Here’s my current To-Be-Read pile, hewn
from the many heaps and shelves of patiently waiting books around the house.
These are all mostly very recent novels, and that suits me fine. A bit of new
and shiny sounds okay for October. We’re three-quarters of the way through 2013…!
The past week I’ve spent with a very new
book – Eva Rice’s second novel, ‘The Misinterpretation of Tara Jupp.’ After a
seven-something year wait I wasn’t disappointed with this – I think it tops
even ‘The Lost Art of Keeping Secrets.’ For the first third, however, I wasn’t
sure whether it wasn’t a bit slow to get going. The first two hundred pages
contain a lot of set-up and languishing in Cornwall with Tara when she’s ten
and living with her widowed vicar father and multiple siblings. There’s a lot
of messing about with big houses and horses and big crushes on charismatic boys
and doughty aunts and hearing about her singing talent… but not a lot seems to
move for a little while.
I was told to give it time by several of
the book’s fans and then, of course – it goes whoosh somewhere near the
halfway point, when Tara and her sister are whisked off to London so that our
heroine can become Cherry Merrywell and record her first single and take the
burgeoning London scene by storm.
It’s a book of epic glitz and glamour.
The Sixties start swinging and we get to be there at the dawn of it all – in a
very privileged position, among very privileged people. Tara is a very lovable,
headstrong character – who won’t be moulded into the teen sensation that her
elders want. She shucks the dress and wears jodhpurs and a crumpled lace blouse
to make her singing debut at a party. She’s so drunk she falls off the stool
and then disappears with London’s top pop photographer and snogs him somewhere
in Chelsea at dawn. Then, all of a sudden – she’s starring on Sunday Night at
the Palladium and taking the country by storm.

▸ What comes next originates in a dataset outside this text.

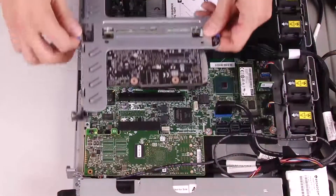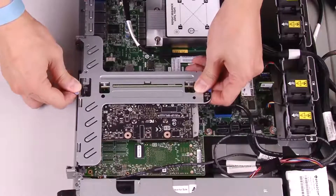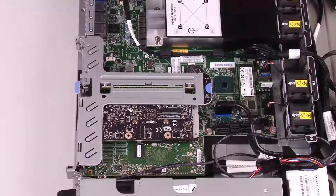Align the two tabs on the PCIe riser assembly with the slots on the rear of the chassis, and then insert the assembly into the connector on the system board. Carefully press the assembly straight down into the slot until it is fully seated.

Some of it seems too much of a fairytale –
but at the same time, this is how it must have been for these heroic Sixties
characters who became legends overnight. I love the scenes with the unnamed
Rolling Stones playing their debut gig at the Marquee, where our principle
characters are gathered to have their socks blown off. It’s a lovely piece of
writing, capturing the tension and excitement as our cast of characters jump
onto the tables to dance.
All this crazy metropolitan stuff
contrasts so nicely with rural Cornwall, where everyone occasionally repairs to
have high-octane heart-to-hearts in the mist, or to have crises and fall-outs
and reunions and extremely dramatic childbirth scenes.
In the end – after reading through a
couple of insomniac nights – I thoroughly enjoyed it. It’s a version of the
early Sixties in which everyone in its large cast gets their just rewards and
ends pretty happily. Many Sixties pop narratives tend towards the dark and
nihilistic towards the decade’s end (Brian Jones’ presence in the book is a
beguiling, stark presence and a reminder of how frail these young people really
were in the eye of the storm.) Happily, though, Eva Rice seems to rescue all of
her characters and ensures that everything is ok for them in the end and,
unlike most in the fictional 1960s, they can,
in fact, to misquote the Stones ‘get what they want’.
Thanks for mentioning Eva Rice's new novel. I loved "The lost art of keeping secrets" and was so disappointed when I discovered it was her only book. Will look out for the new one.